- **YOUR ASSIGNMENT**
Within the lines below, the span from the line with "B&B 464 On 22Nd" to the line with "Jeep Grand Cherokee", both ends included, is to be reproduced exactly, with pictures omitted.

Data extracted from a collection
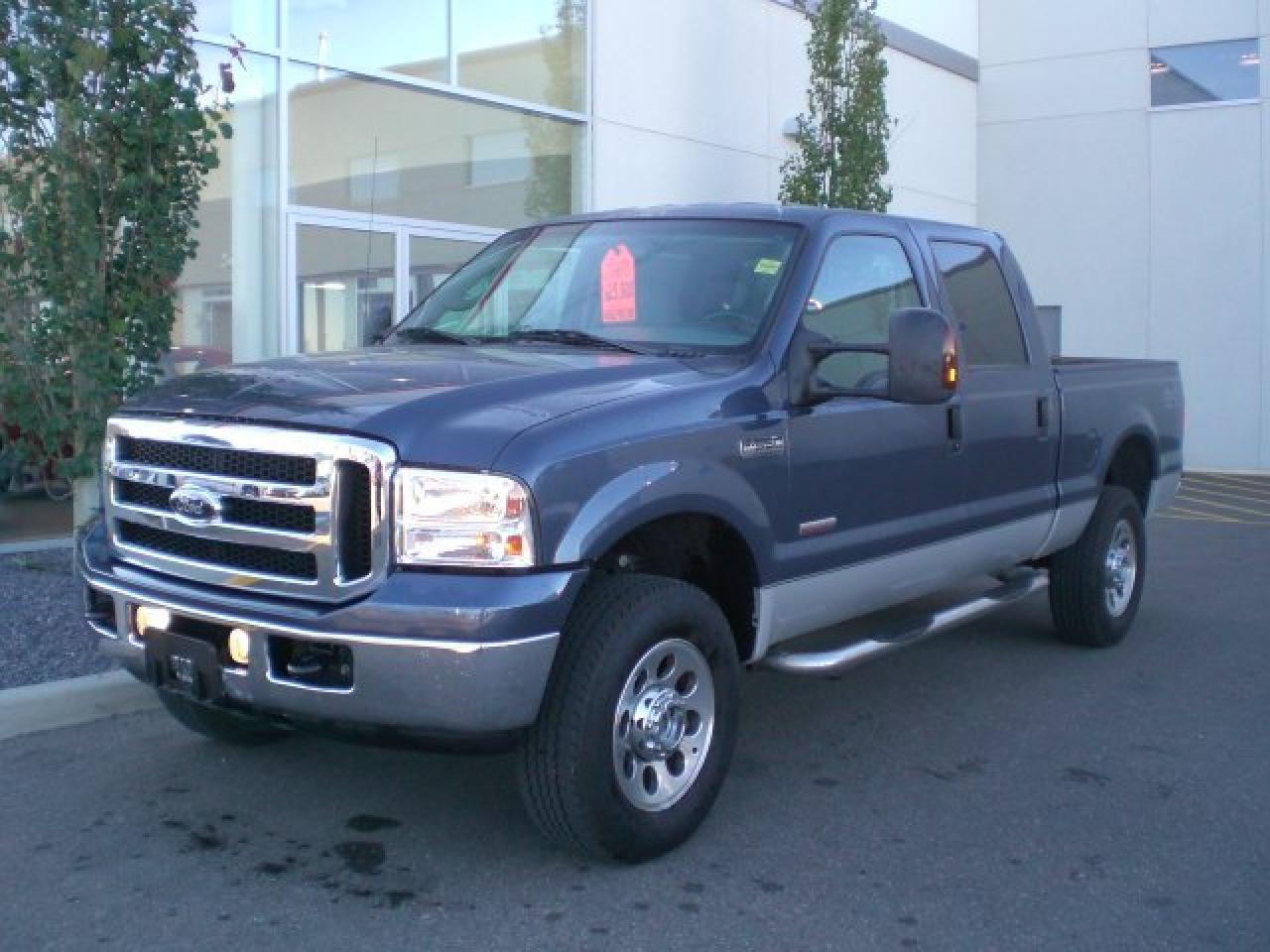 Used 2006 Ford F-350 Super Duty 1 TON XLT for sale in Red Deer, AB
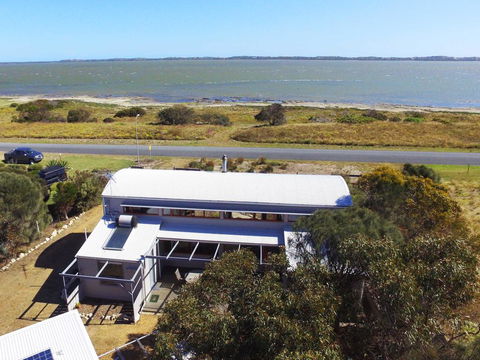 Coorong Aurora - Breathtaking Waterfront Escape - Lightning Ridge Tourism 1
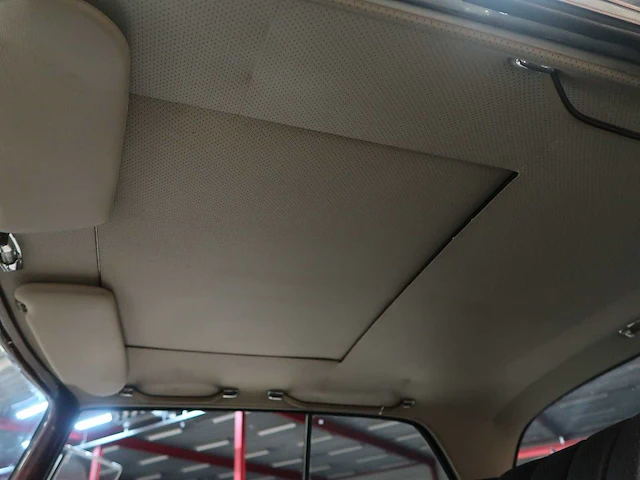 Mercedes 250 coupé - afbeelding 45 van  59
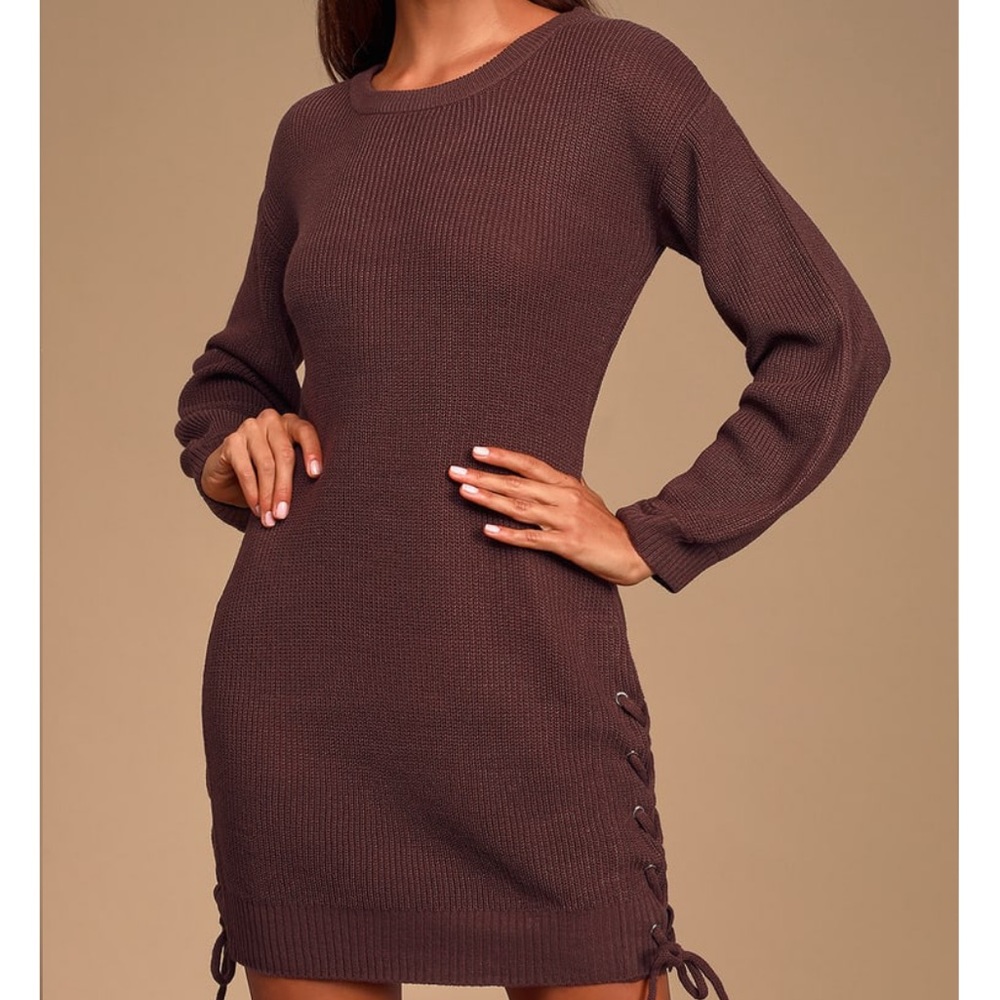 💕NWT LULU’S LALIANNA LACE UP SWEATER DRESS M***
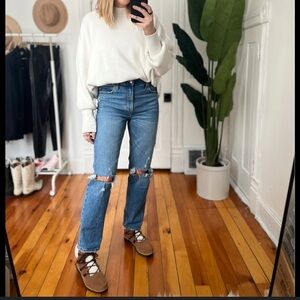 Abercrombie & Fitch The 90’s Straight Leg tea Rise Jean - 28 / 6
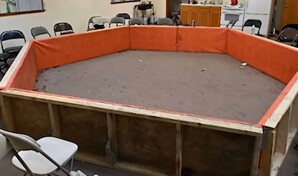 Arrestan a 100 personas por presunta red de peleas de gallos en Connecticut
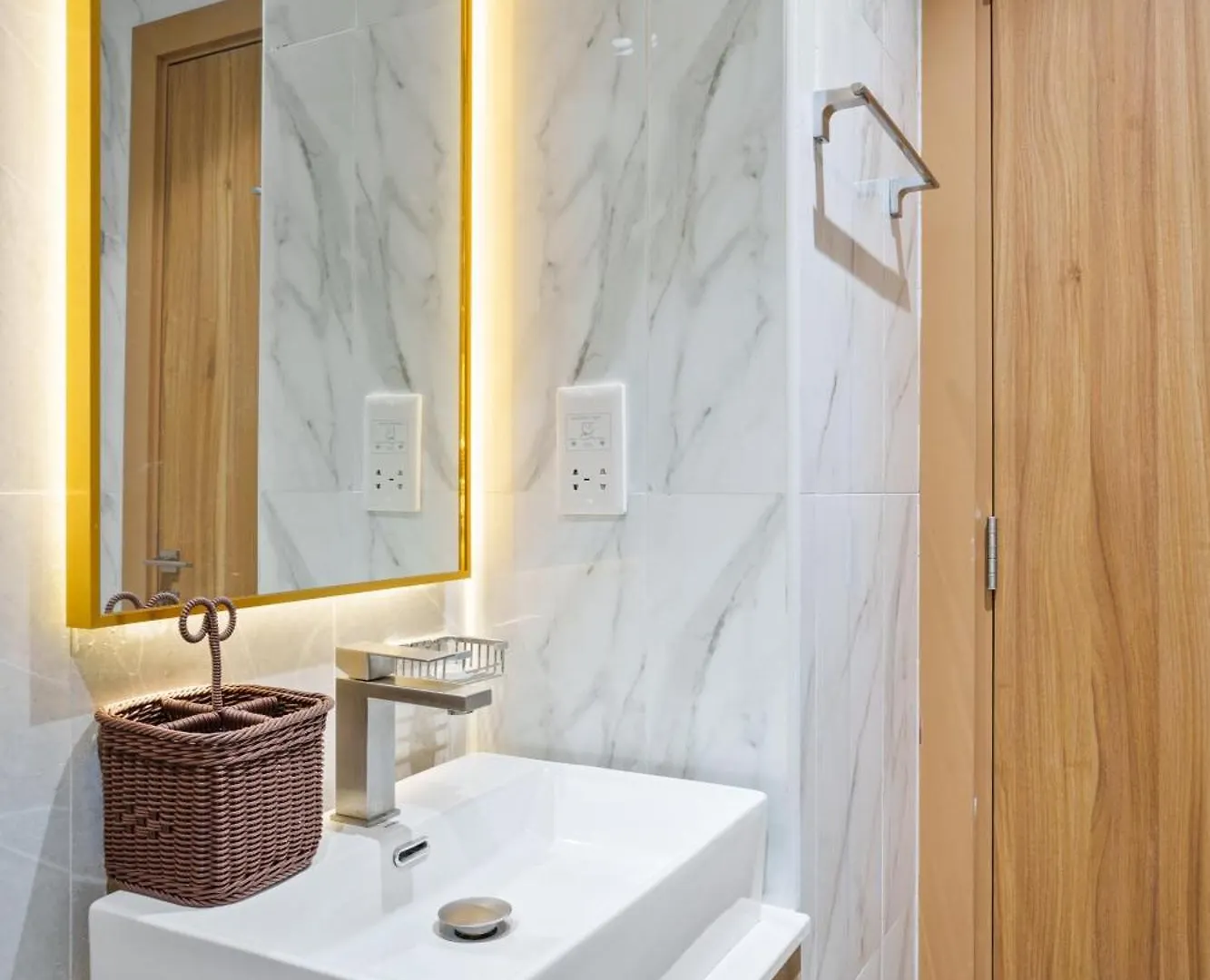 Cozy Studio With Modern Amenities In Dubailand United Arab Emirates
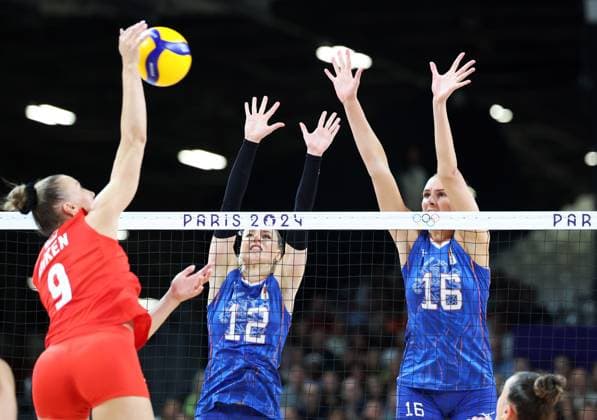 (240729) -- PARIS, July 29, 2024 -- Meliha Diken (L) of T¨¹rkiye spikes the ball during the women s preliminary round pool C of volleyball between T¨¹rkiye and the Netherlands at the Paris 2024 Olympic Games, Olympische Spiele, Olympia, OS in Paris, France, July 29, 2024. ) (PARIS2024) FRANCE-PARIS-OLY-VOLLEYBALL LixGang 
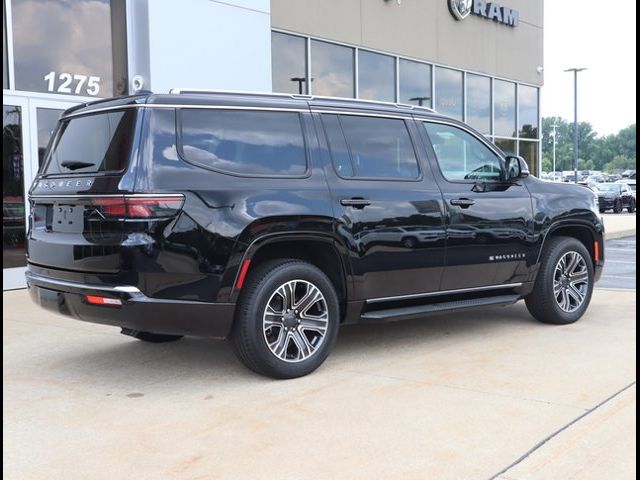 2023 Jeep Wagoneer Base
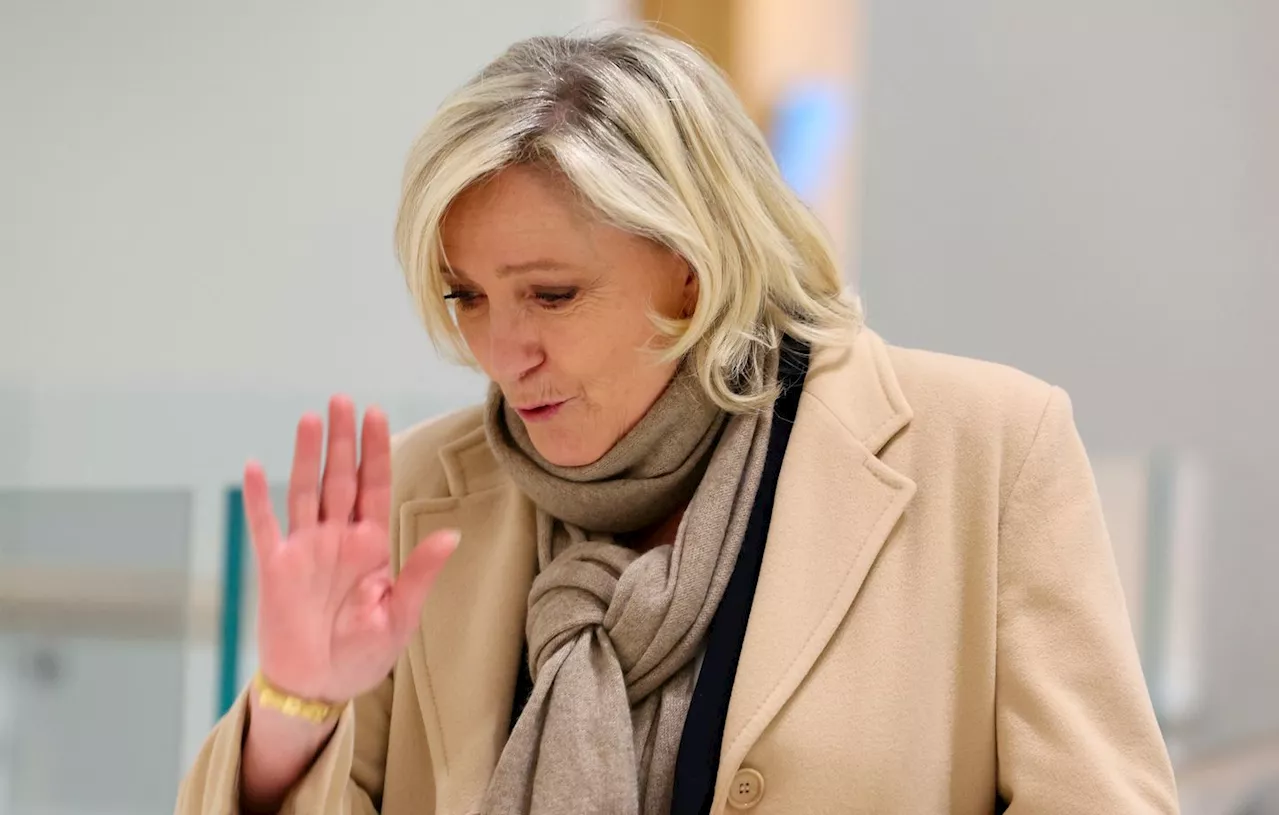 Marine Le Pen au cœur d'un procès des assistants parlementaires: son avocat réclame la relaxe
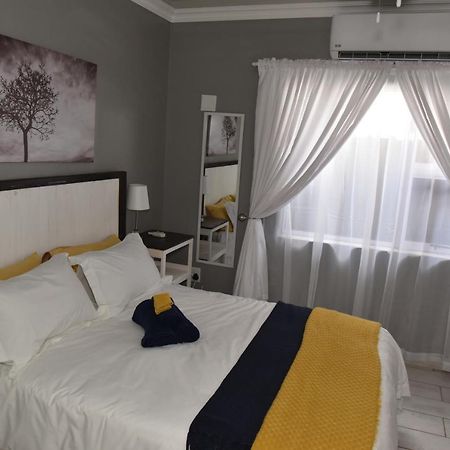 B&B 464 On 22Nd Ave Pretoria-Noord Exteriör bild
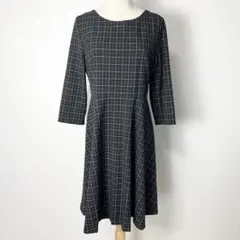 美品anySiS 黒 格子チェック 七分袖 ひざ丈ワンピース オンワード 4/L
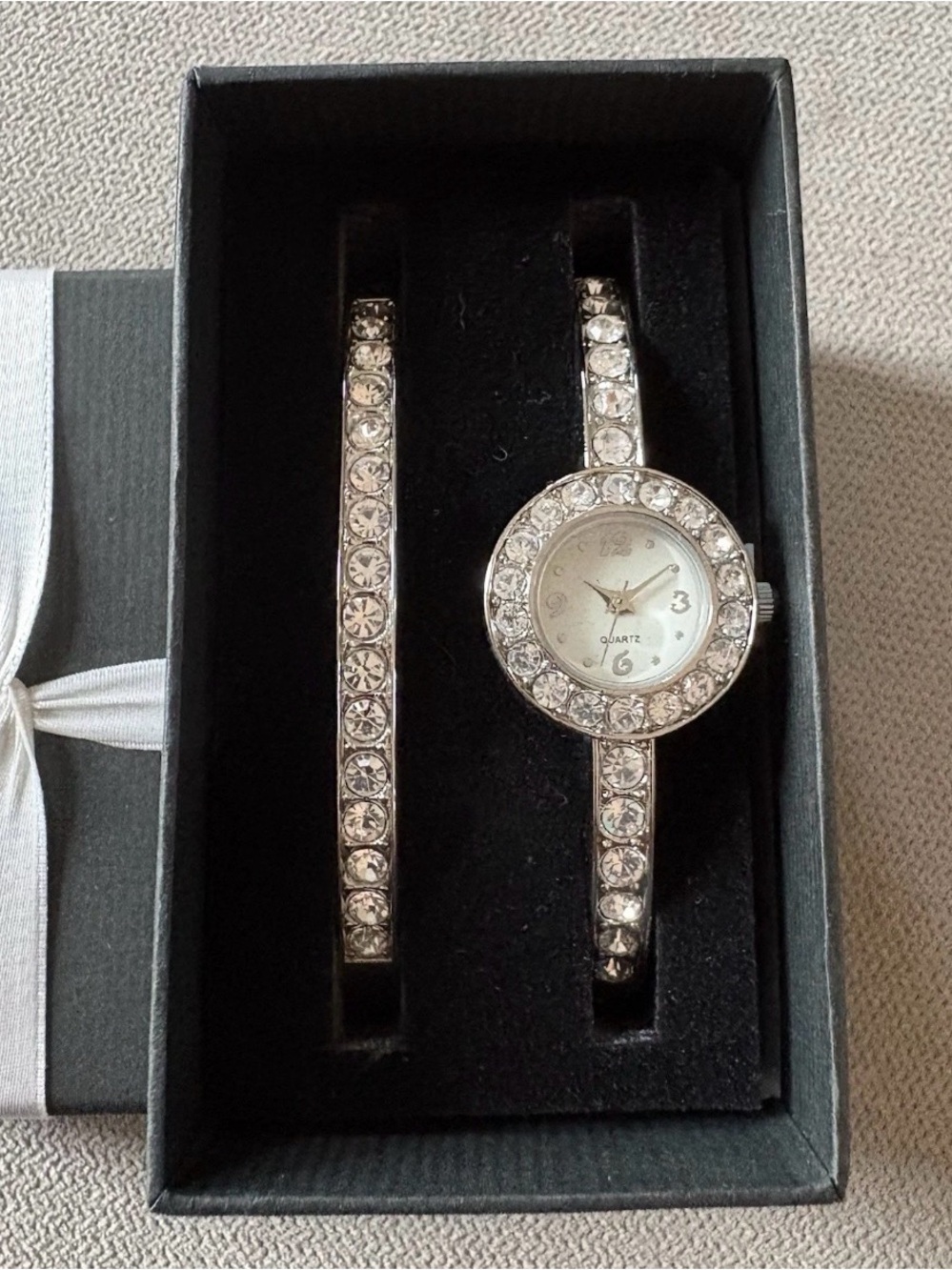 Avon Fashion Bracelet Watch Set with Crystal Accents Need a New Battery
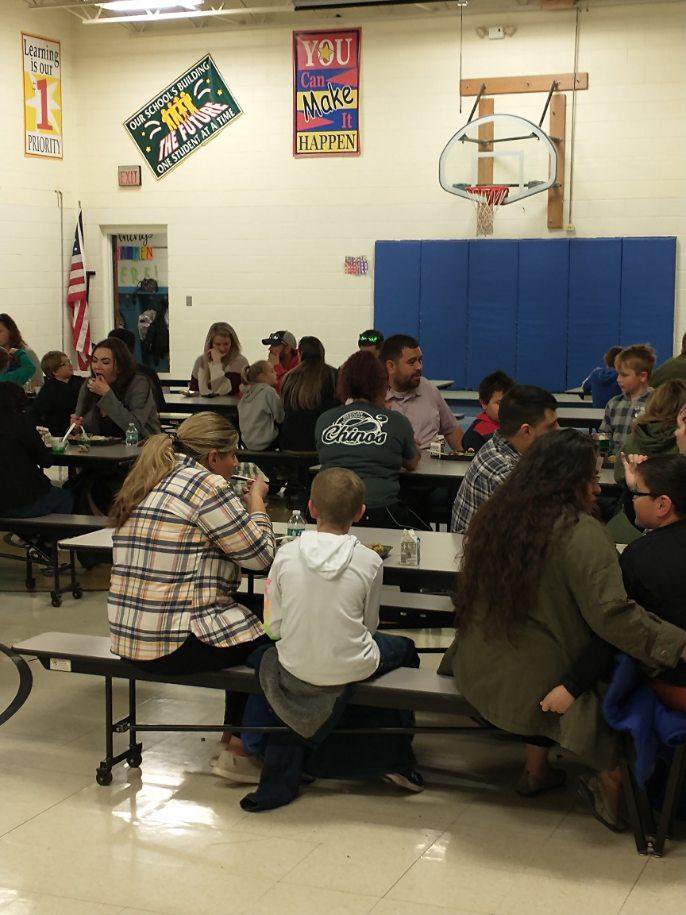 ElementaryGeil's tweet photo. 1st and 2nd grade family thanksgiving luncheon. Great turnout!! #elementarygeil  #joyinourschool https://t.co/a4XJN3T5bR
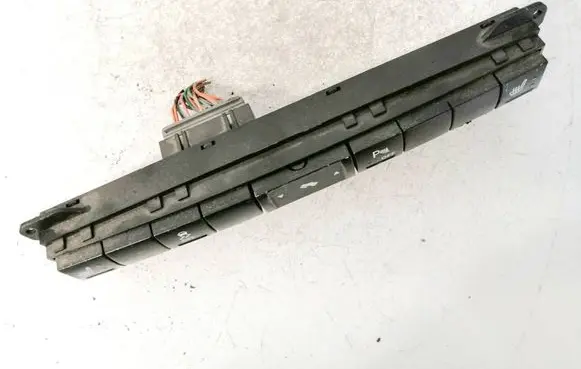 Jeep Grand Cherokee (WK) Seat heating switch 7467565552 746-75655-52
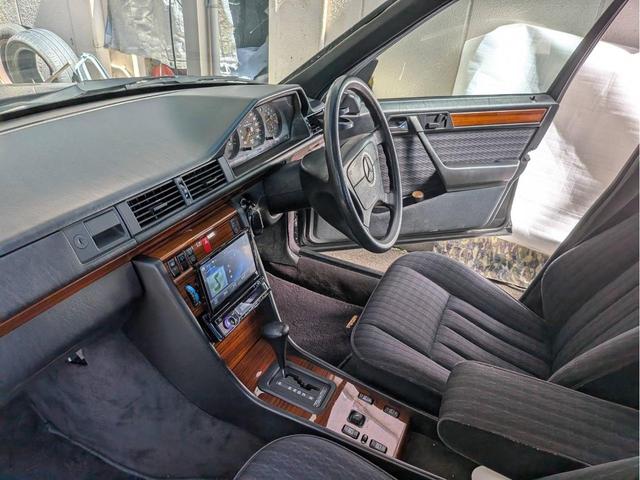 ミディアムクラス ２２０ＴＥ　ディーラー車　右ハンドル　社外オーディオ　バックカメラ　社外キーレス　ＥＴＣ　　前期　グリル　　　ｗ１２４　　Ｓ１２４（51枚目）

- **RESPONSE BELOW**
 B&B 464 On 22Nd Ave Pretoria-Noord Exteriör bild
 美品anySiS 黒 格子チェック 七分袖 ひざ丈ワンピース オンワード 4/L
 Avon Fashion Bracelet Watch Set with Crystal Accents Need a New Battery
 ElementaryGeil's tweet photo. 1st and 2nd grade family thanksgiving luncheon. Great turnout!! #elementarygeil  #joyinourschool https://t.co/a4XJN3T5bR
 Jeep Grand Cherokee (WK) Seat heating switch 7467565552 746-75655-52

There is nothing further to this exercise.